=== Begin Enclosure ===

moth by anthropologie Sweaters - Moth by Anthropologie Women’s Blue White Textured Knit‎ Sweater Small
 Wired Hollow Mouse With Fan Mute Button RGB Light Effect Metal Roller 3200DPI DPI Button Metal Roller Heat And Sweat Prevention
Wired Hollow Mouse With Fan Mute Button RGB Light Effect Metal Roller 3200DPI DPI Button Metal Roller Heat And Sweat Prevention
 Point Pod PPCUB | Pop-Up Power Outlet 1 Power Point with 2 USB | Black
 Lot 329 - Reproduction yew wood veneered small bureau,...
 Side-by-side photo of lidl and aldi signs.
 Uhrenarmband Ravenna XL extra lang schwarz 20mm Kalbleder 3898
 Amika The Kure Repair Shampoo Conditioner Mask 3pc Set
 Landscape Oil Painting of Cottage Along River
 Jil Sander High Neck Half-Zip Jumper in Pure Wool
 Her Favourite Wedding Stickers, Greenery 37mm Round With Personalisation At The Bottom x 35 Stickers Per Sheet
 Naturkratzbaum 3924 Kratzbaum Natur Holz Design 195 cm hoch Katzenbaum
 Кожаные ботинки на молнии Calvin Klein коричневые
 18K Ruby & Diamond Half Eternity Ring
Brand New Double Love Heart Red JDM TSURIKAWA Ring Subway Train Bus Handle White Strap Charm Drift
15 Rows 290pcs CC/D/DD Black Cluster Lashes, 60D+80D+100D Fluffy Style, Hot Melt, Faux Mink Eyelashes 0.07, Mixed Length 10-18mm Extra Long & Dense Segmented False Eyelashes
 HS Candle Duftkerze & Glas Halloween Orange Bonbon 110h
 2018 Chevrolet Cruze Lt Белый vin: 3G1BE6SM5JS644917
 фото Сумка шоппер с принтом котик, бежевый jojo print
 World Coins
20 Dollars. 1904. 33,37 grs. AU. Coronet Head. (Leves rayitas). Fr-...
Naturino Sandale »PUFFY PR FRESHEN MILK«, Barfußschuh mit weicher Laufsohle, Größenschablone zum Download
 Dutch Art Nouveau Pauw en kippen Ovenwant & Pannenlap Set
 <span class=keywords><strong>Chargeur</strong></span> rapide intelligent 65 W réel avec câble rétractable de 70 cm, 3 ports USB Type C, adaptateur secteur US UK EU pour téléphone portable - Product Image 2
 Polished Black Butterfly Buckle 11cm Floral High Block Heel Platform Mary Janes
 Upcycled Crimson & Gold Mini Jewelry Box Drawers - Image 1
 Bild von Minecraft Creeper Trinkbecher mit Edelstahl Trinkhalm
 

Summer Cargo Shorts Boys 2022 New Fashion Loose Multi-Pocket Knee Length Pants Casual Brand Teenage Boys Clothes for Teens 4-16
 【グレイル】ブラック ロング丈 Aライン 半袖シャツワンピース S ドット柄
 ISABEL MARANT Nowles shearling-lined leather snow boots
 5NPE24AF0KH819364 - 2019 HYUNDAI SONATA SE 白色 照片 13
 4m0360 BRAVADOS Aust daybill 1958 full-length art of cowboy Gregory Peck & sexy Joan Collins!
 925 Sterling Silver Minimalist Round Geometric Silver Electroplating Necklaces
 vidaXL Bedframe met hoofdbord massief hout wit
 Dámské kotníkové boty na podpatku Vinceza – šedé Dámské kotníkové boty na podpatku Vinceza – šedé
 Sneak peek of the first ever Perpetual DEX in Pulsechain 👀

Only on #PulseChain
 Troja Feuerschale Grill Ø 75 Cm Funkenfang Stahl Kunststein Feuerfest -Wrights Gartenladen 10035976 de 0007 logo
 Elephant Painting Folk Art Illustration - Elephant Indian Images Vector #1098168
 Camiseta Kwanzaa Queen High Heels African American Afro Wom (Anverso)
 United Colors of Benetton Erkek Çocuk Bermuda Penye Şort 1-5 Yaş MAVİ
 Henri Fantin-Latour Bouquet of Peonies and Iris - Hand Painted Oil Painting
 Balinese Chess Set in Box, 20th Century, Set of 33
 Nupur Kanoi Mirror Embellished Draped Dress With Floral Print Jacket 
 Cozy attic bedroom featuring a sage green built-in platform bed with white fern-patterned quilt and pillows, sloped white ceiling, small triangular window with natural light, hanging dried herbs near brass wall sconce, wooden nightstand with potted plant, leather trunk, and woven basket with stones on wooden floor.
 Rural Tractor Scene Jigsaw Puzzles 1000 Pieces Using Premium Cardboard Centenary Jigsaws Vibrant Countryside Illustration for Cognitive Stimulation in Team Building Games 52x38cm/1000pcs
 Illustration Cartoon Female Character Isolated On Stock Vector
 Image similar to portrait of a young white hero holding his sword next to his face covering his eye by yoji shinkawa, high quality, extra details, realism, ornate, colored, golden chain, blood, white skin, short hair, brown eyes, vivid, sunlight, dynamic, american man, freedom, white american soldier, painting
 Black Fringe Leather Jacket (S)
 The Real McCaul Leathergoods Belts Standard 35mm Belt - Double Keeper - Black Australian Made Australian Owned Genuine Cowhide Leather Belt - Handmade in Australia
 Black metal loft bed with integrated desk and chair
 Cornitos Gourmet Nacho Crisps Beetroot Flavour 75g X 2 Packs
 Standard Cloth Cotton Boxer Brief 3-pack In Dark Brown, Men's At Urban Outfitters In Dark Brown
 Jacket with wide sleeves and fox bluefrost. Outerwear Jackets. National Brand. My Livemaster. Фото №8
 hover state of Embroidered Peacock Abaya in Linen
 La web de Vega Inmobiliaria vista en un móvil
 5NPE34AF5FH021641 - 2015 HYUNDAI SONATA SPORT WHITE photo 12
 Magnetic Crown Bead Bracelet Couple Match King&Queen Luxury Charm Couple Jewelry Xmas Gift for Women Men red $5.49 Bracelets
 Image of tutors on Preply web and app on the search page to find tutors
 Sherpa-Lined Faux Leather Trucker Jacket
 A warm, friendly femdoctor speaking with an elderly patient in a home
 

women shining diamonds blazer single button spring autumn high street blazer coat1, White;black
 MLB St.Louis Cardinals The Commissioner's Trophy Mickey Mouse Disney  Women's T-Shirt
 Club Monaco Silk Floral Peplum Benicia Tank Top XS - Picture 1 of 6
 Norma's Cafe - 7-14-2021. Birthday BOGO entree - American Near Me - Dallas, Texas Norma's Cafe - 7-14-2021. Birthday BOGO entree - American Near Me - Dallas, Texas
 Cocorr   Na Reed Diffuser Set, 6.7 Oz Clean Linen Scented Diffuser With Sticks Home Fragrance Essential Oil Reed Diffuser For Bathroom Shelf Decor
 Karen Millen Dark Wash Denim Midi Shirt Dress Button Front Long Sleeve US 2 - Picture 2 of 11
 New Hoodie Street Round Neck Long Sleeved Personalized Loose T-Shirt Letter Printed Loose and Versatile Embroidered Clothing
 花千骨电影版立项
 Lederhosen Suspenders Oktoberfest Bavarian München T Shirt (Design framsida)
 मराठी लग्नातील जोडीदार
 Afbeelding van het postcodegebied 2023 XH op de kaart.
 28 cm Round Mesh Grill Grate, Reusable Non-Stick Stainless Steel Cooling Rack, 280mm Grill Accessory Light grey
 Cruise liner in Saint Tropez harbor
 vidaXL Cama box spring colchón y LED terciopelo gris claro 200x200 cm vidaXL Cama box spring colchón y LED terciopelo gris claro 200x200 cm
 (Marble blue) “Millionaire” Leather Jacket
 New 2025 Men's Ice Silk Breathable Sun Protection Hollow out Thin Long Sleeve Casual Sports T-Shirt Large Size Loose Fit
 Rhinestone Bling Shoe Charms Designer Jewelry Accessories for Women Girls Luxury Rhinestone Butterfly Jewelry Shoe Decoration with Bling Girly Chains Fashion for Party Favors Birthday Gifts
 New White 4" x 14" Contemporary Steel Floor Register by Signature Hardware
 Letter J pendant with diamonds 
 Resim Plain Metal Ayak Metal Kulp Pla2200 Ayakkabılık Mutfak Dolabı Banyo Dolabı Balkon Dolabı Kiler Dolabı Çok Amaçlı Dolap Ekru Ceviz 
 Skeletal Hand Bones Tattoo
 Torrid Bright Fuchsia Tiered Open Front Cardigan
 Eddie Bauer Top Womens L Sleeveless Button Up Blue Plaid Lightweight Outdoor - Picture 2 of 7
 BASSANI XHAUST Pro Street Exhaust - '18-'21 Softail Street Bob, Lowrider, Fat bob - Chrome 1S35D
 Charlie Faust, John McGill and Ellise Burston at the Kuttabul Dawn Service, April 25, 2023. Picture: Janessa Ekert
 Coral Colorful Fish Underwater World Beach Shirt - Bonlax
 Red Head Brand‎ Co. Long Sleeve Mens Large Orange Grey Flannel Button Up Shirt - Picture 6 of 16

=== End Enclosure ===

■ What is expected ■
Could you set down, exactly as written, the lines above between the one holding "Troja Feuerschale Grill" and the one holding "Nupur Kanoi Mirror", inclusive, and nothing more?

■ Exercise result ■
 Troja Feuerschale Grill Ø 75 Cm Funkenfang Stahl Kunststein Feuerfest -Wrights Gartenladen 10035976 de 0007 logo
 Elephant Painting Folk Art Illustration - Elephant Indian Images Vector #1098168
 Camiseta Kwanzaa Queen High Heels African American Afro Wom (Anverso)
 United Colors of Benetton Erkek Çocuk Bermuda Penye Şort 1-5 Yaş MAVİ
 Henri Fantin-Latour Bouquet of Peonies and Iris - Hand Painted Oil Painting
 Balinese Chess Set in Box, 20th Century, Set of 33
 Nupur Kanoi Mirror Embellished Draped Dress With Floral Print Jacket 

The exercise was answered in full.